2. On the first day of each Interest Period (or as soon as possible thereafter) the Facility Agent shall calculate, as a percentage rate, a rate (the "Additional Cost Rate") for each Lender, in accordance with the paragraphs set out below. The Additional Cost will be calculated by the Facility Agent as a weighted average of the Lenders' Additional Cost Rates (weighted in proportion to the percentage participation of each Lender in the Outstandings or, where applicable, the relevant unpaid sums) and will be expressed as a percentage rate per annum.
3. Additional Cost Rate for any Lender lending from a lending office in a Euro State will be the percentage notified by that Lender to the Facility Agent, expressed as a per annum rate. This percentage will be certified by that Lender in its notice to the Facility Agent to be its reasonable determination of the cost to it (expressed as a percentage of that Lender's participation in all Outstandings advanced from that lending office) of complying with the minimum reserve requirements of the European Central Bank in respect of loans made from that lending office.

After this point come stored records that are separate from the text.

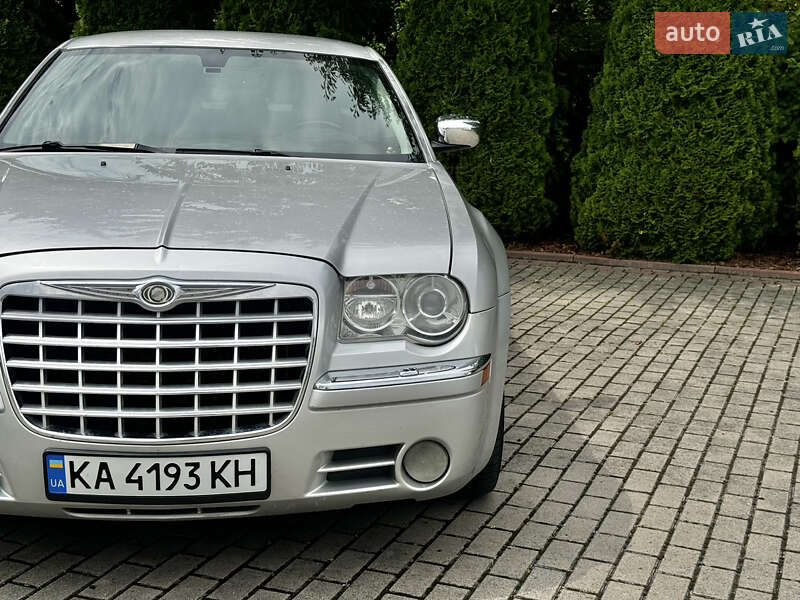 Седан Chrysler 300C 2008 в Львові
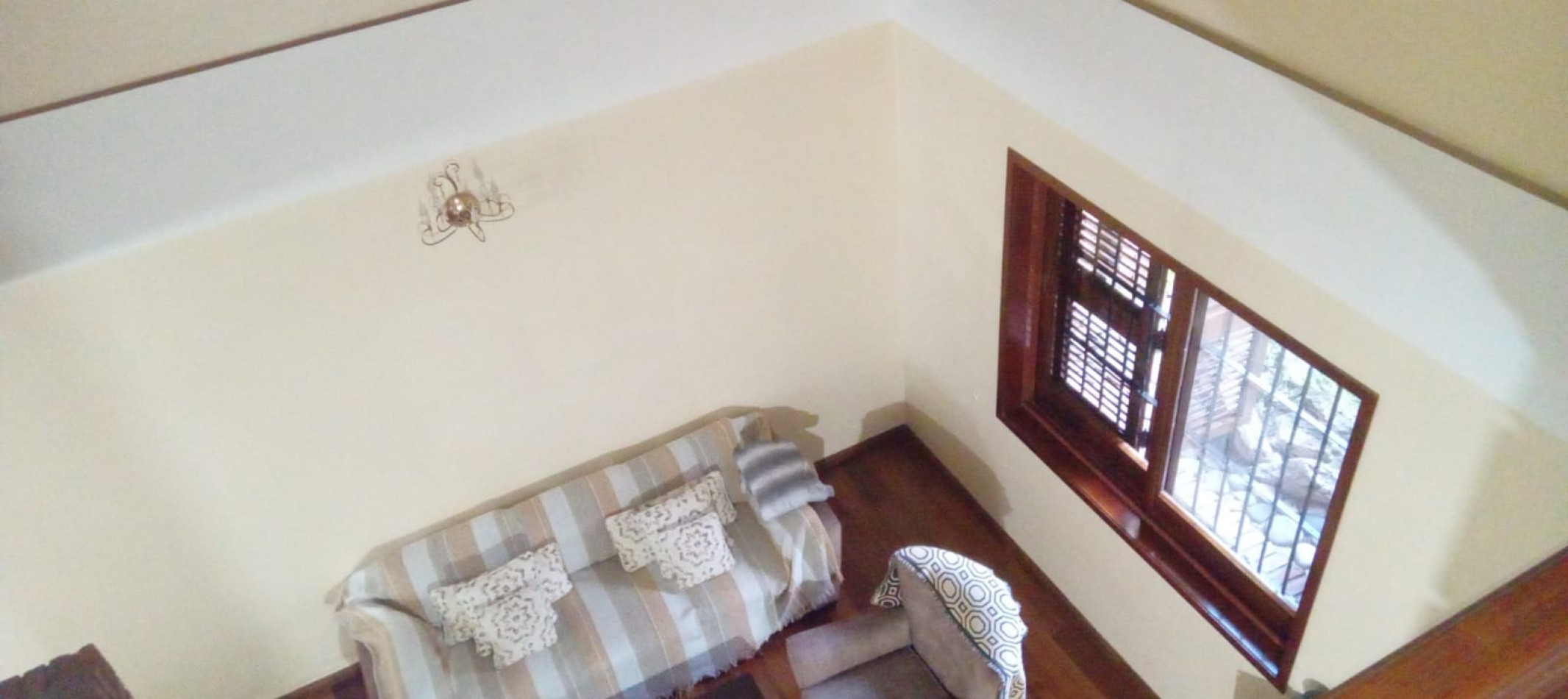 Cafayate 1100. Chalet 4 ambientes.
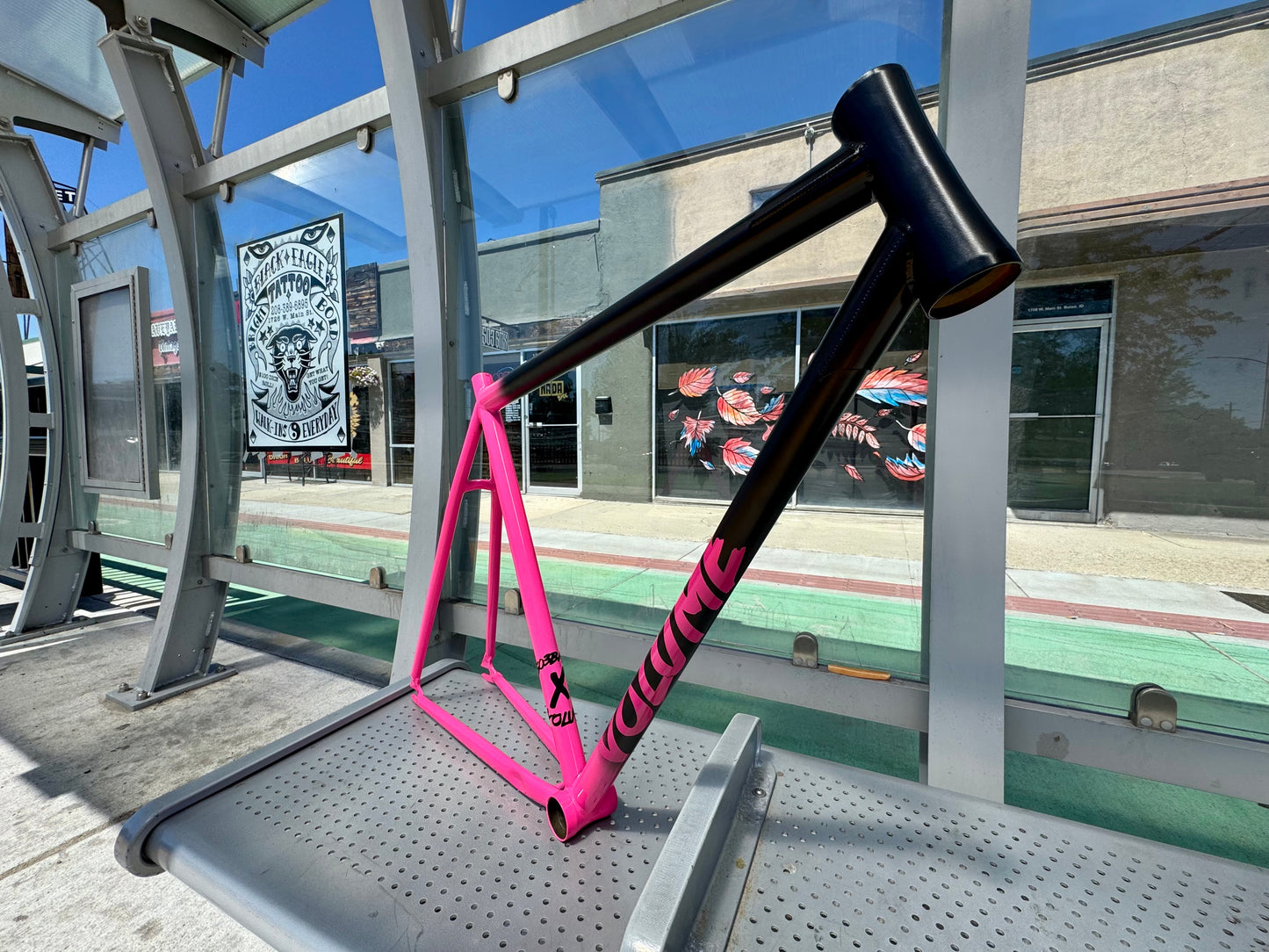 -Limited Edition- Volume Thrasher 700c Black/Fluorescent Pink Frame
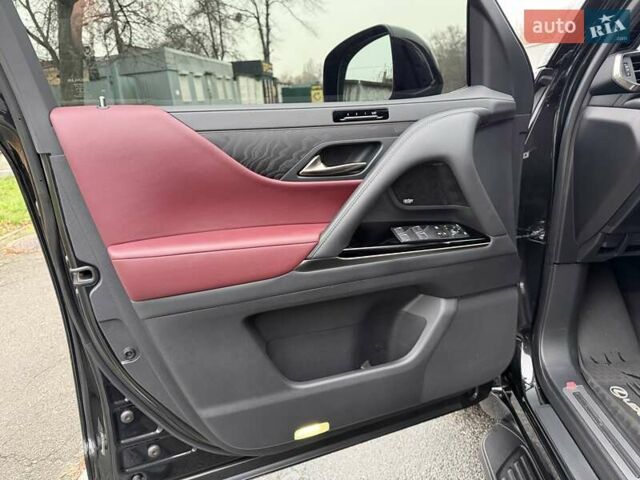 Черный Лексус ЛХ, объемом двигателя 3.35 л и пробегом 51 тыс. км за 112500 $, фото 7 на Automoto.ua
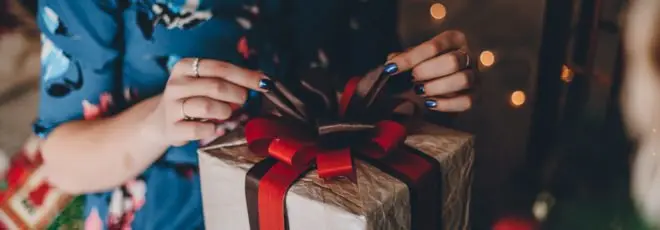 How to Talk About Money with Your Partner During the Holidays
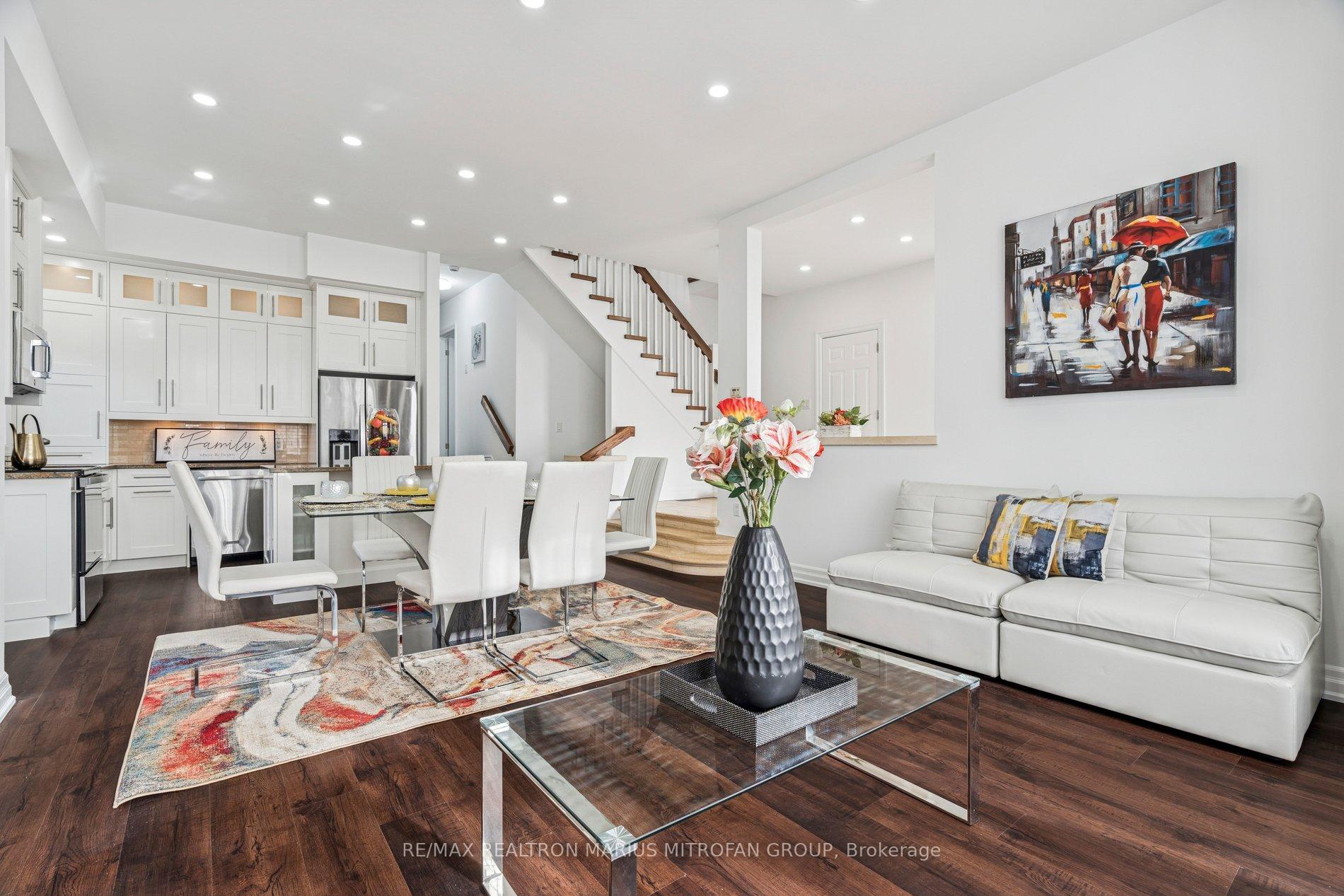 Photo 7 of 7 Rollins Place, Etobicoke, Islington-City Centre West — HOMEH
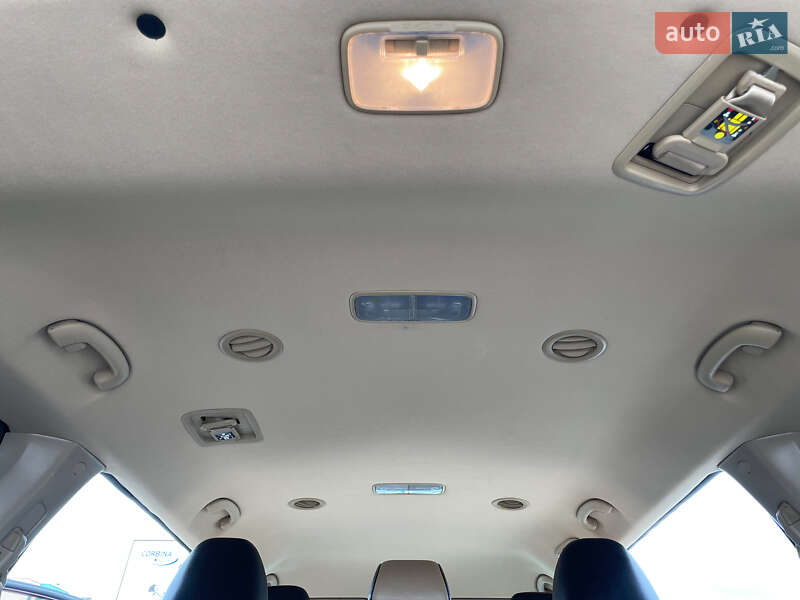 Минивэн Kia Sedona 2017 в Киеве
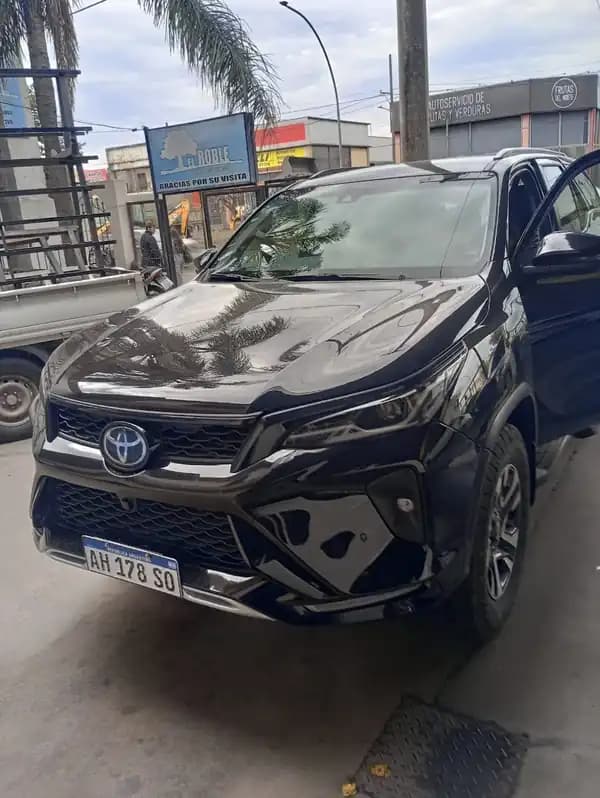 TOYOTA  SUV SW4 2025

4. Additional Cost Rate for any Lender lending from a lending office in the United Kingdom will be calculated by the Facility Agent as follows:
(a) in relation to an Advance, Outstandings or an unpaid sum in Sterling:
AB + C(B - D) + E x 0.01
--------------------------------- per cent. per annum,
100 - (A + C)
(b) in relation to an Advance, Outstandings or an unpaid sum in a currency other than Sterling:
E x 0.01
----------- per cent. per annum.
300
Where:
A is the percentage of Eligible Liabilities (assuming these to be in excess of any stated minimum) which that Lender is from time to time required to maintain as an interest free cash ratio deposit with the Bank of England to comply with cash ratio requirements.
B is the percentage rate of interest (excluding the Margin and the Additional Cost and, in the case of an unpaid sum, the additional two per cent specified in clause 5.4(b) or 5.4(c)) payable for the relevant Interest Period on such Advance, Outstandings or unpaid sum.
C is the percentage (if any) of Eligible Liabilities which that Lender is required from time to time to maintain as interest bearing Special Deposits with the Bank of England.
D is the percentage rate per annum payable by the Bank of England to that Lender on interest bearing Special Deposits.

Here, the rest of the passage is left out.